Schließlich ist die Beschwerde schon von vornherein unzulässig, wenn sie zu Ziff 2 der Begründung auf einen "schweren Beweiswürdigungsfehler" gestützt wird. Wie bereits oben ausgeführt, kann der geltend gemachte Verfahrensmangel nicht auf eine Verletzung des Grundsatzes der freien Beweiswürdigung (§ 128 Abs 1 Satz 1 SGG) gestützt werden. Dies wird durch § 160 Abs 2 Nr 3 Halbsatz 2 SGG ausdrücklich ausgeschlossen.

Dass die Klägerin das Berufungsurteil inhaltlich für unrichtig hält, kann dagegen nicht zur Zulassung der Revision führen (stRspr; vgl zB BSG Beschluss vom 25.7.2011 - B 12 KR 114/10 B - SozR 4-1500 § 160 Nr 22 RdNr 4; BVerfG Beschluss vom 6.5.2010 - 1 BvR 96/10 - SozR 4-1500 § 178a Nr 11 RdNr 28 mwN).

Von einer weiteren Begründung sieht der Senat ab, weil sie nicht geeignet ist, zur Klärung der Voraussetzungen der Revisionszulassung beizutragen (§ 160a Abs 4 Satz 2 Halbsatz 2 SGG).
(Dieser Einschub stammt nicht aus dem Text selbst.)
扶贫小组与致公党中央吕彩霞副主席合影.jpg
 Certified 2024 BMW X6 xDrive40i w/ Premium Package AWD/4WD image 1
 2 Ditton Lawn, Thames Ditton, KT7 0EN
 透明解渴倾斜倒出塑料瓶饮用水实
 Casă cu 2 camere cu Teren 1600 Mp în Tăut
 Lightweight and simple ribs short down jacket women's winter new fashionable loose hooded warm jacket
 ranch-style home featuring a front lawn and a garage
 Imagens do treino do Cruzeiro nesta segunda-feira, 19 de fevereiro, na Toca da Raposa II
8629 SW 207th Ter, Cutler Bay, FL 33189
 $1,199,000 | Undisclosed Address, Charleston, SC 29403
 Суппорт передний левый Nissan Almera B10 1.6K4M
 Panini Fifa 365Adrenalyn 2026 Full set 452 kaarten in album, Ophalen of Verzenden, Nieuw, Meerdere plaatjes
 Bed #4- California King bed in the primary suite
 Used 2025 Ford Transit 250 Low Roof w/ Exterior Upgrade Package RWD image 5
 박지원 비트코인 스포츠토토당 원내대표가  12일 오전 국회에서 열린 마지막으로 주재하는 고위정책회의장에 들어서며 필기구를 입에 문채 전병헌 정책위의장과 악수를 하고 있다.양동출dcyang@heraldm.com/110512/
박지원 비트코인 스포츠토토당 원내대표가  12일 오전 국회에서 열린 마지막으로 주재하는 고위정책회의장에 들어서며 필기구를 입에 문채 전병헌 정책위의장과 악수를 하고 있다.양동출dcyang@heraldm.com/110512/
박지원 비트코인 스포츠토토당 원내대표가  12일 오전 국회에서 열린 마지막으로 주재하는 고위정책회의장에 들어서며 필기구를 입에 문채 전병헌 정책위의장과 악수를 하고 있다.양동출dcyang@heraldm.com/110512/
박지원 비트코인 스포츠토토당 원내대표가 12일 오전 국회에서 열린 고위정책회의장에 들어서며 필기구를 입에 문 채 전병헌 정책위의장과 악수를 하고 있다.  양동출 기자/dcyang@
Die Verwerfung der unzulässigen Beschwerde erfolgt gemäß § 160a Abs 4 Satz 1 Halbsatz 2 iVm § 169 Satz 2 und 3 SGG durch Beschluss ohne Zuziehung der ehrenamtlichen Richter.

Die Kostenentscheidung beruht auf einer entsprechenden Anwendung von § 193 SGG.